1.6 Return of the Kane

Score: 17


Characters: 5

Logan (+1)

Dick (+1)

Aaron Echolls (+1)

Lilly (+1)

Corny (1)


Guest stars: 1

Wanda (-1)

Jane Lynch (+2)


Plot relevance: 5/5

There's a little movement on the Lilly Kane murder trial front, as Veronica starts creating a file on everyone who now lacks an alibi, based on what she knows about Lilly's incorrect time of death. That means the entire Kane family. She dips into Keith's safe and finds crime scene photos that show Lilly's Keds under the desk in her bedroom--the same Keds that were later found in the possession of Able Koontz, her confessed killer. As Veronica says, that's impossible!  We get lots of Lilly flashbacks and also a Lilly dream. Ultimately, Veronica realizes that Keith is onto her, and decides to let him in on what she knows. Also, Wanda says that she heard that Lilly had a thing with Weevil. Veronica vehemently denies this.

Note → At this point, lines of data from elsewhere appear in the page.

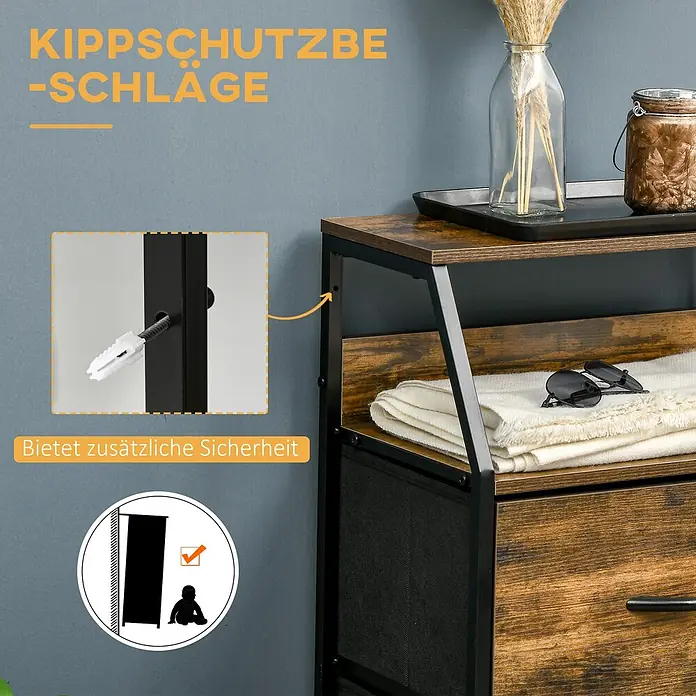 Homcom Kommode 1-teilig - L x B x H: 44 x 29 x 92 cm, Braun, Anzahl Schubladen: 3 Stk. - Rustikaler brauner und schwarzer Industrial-Beistelltisch mit Regalen und Schublade. Zeigt Kippschutzbeschläge, an der Wand befestigt für Kindersicherheit.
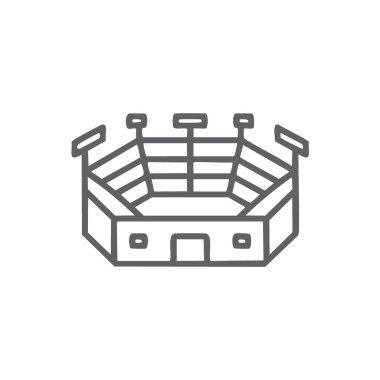 Stadyum ana hatları ikon vektör illüstrasyonu. Açık tribünleri, ışıkları ve girişi olan basit bir stadyum çizimi. Spor, yarışma ve etkinlik grafikleri için harika.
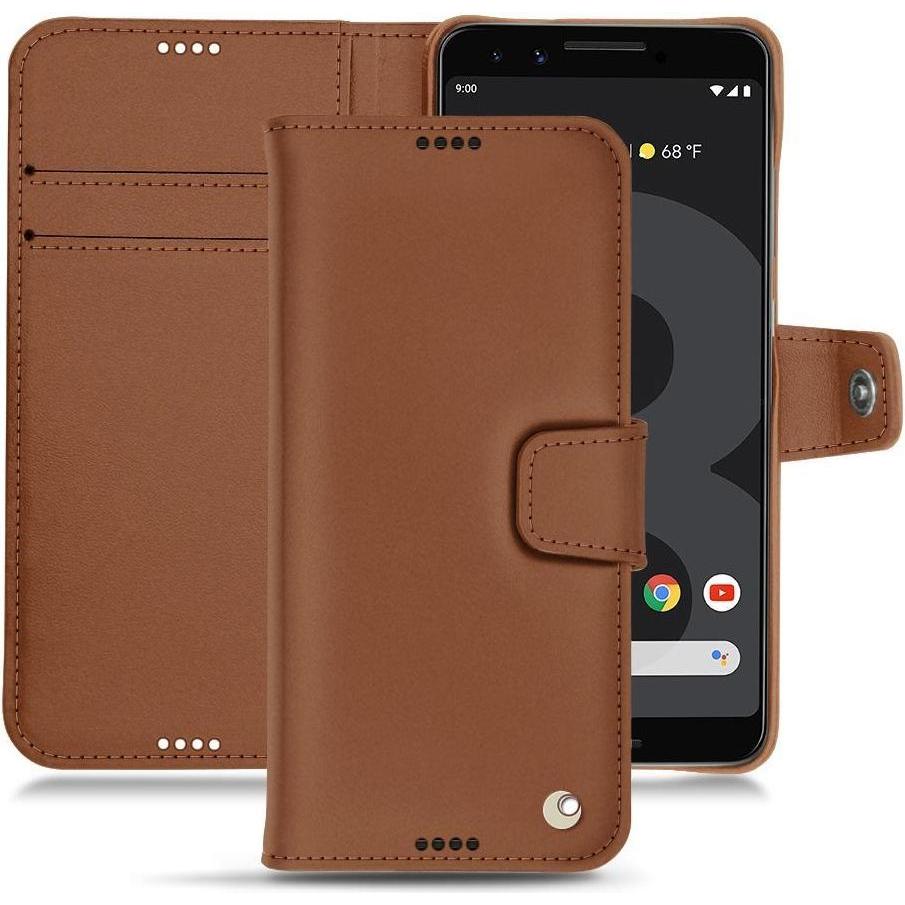 Noreve Lederschutzhülle Wallet (Google Pixel 3), Smartphone Hülle, Braun
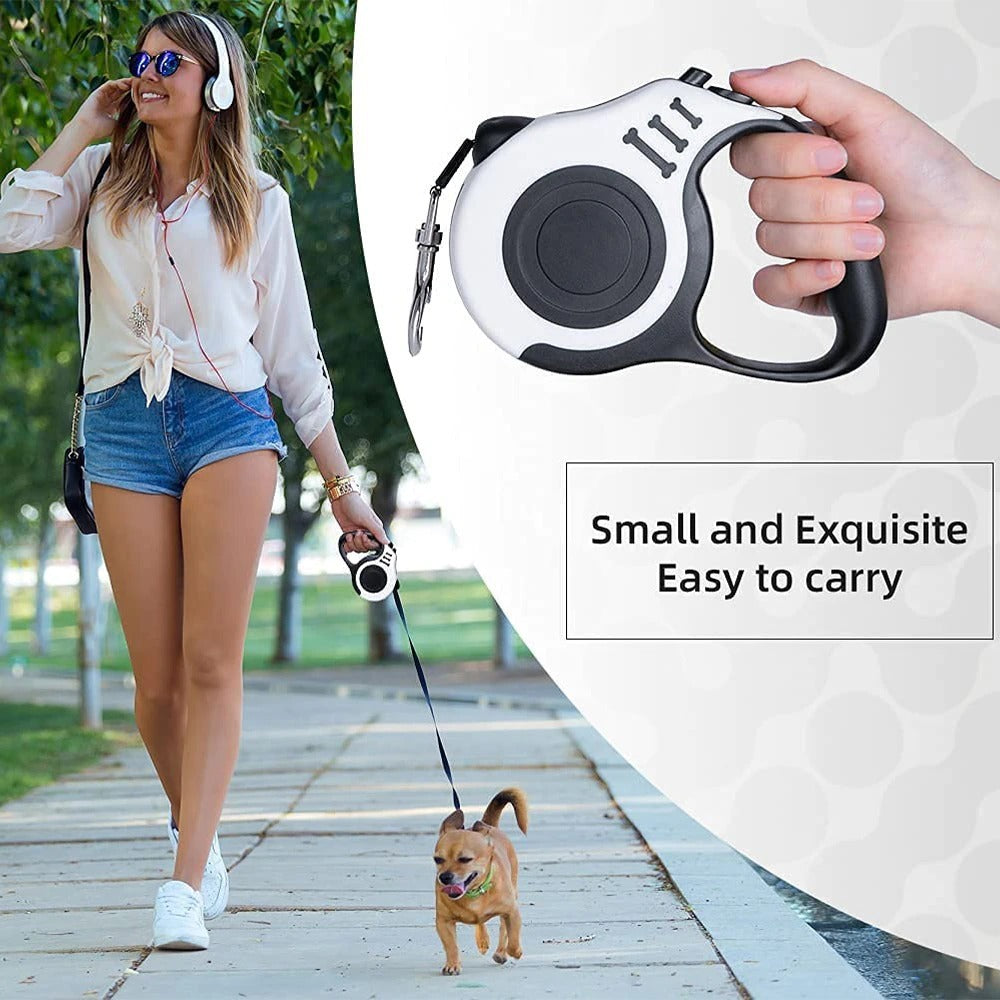 Durable Automatic Retractable Dog & Cat Leash - 3m & 5m Nylon Lead for Walking & Running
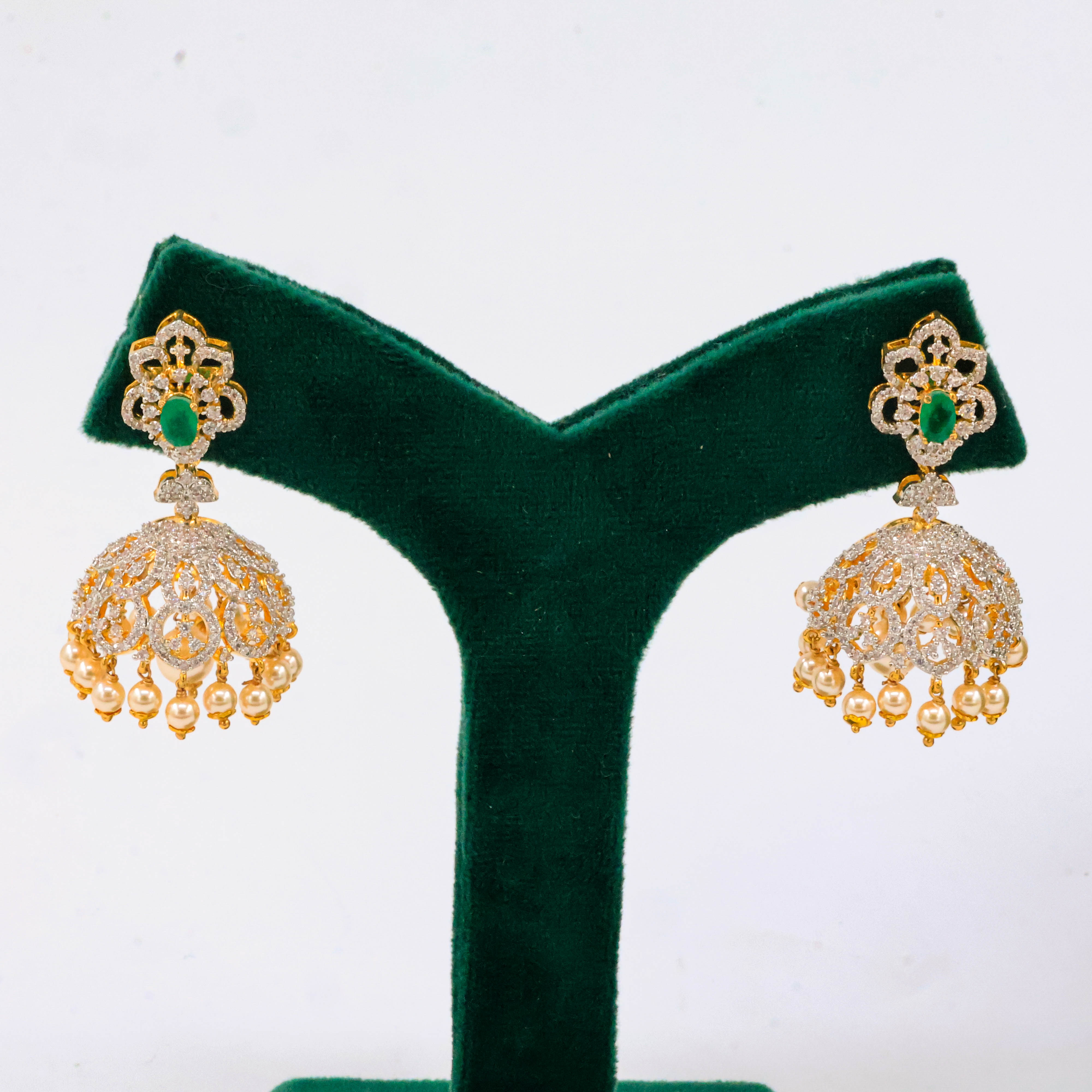 CZ Emerald Jhumka Set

We also develop more backstory about the major players: this time we're focusing on the Echolls family, and we're introduced to Aaron Echolls for the first time! Logan and Dick (finally a Dick episode!) are organizing bum fights. A video gets leaked to The Smoking Gun website, publicly embarrassing Aaron Echolls. But Logan's real sin is costing his father half a million dollars when he pledges it to the local food bank (note: we just saw him accept a movie deal for "eight figures" - tens of millions, in other words). The subplot-capping scene -- in which Logan has to choose which belt his father will beat him with, while his mother desperately gulps vodka out of a crystal tumbler in the next room and listens to the belt hitting Logan's flesh -- is just stellar character development.


Story quality: 2/5

It's school election time and Wanda Varner, pseudo-punk outcast, decides to run on a platform of abolishing the "unfair and elitist pirate points program" (a perk for jocks and other "involved" students). To counter this anti-establishment threat, Logan maneuvers Duncan into running against his will (recruiting his movie star father for Duncan's campaign ad, a hilarious choice). Veronica is assigned to cover the election for the school paper and ends up unearthing a corrupt plan to ensure Duncan the victory. But, as with most things in the Mars universe, Wanda isn't what she seems and ends up falling from grace. Duncan wins in the end, but vows to expand the pirate points program to include a wider array of school activities, thus enfranchising the disenfranchised.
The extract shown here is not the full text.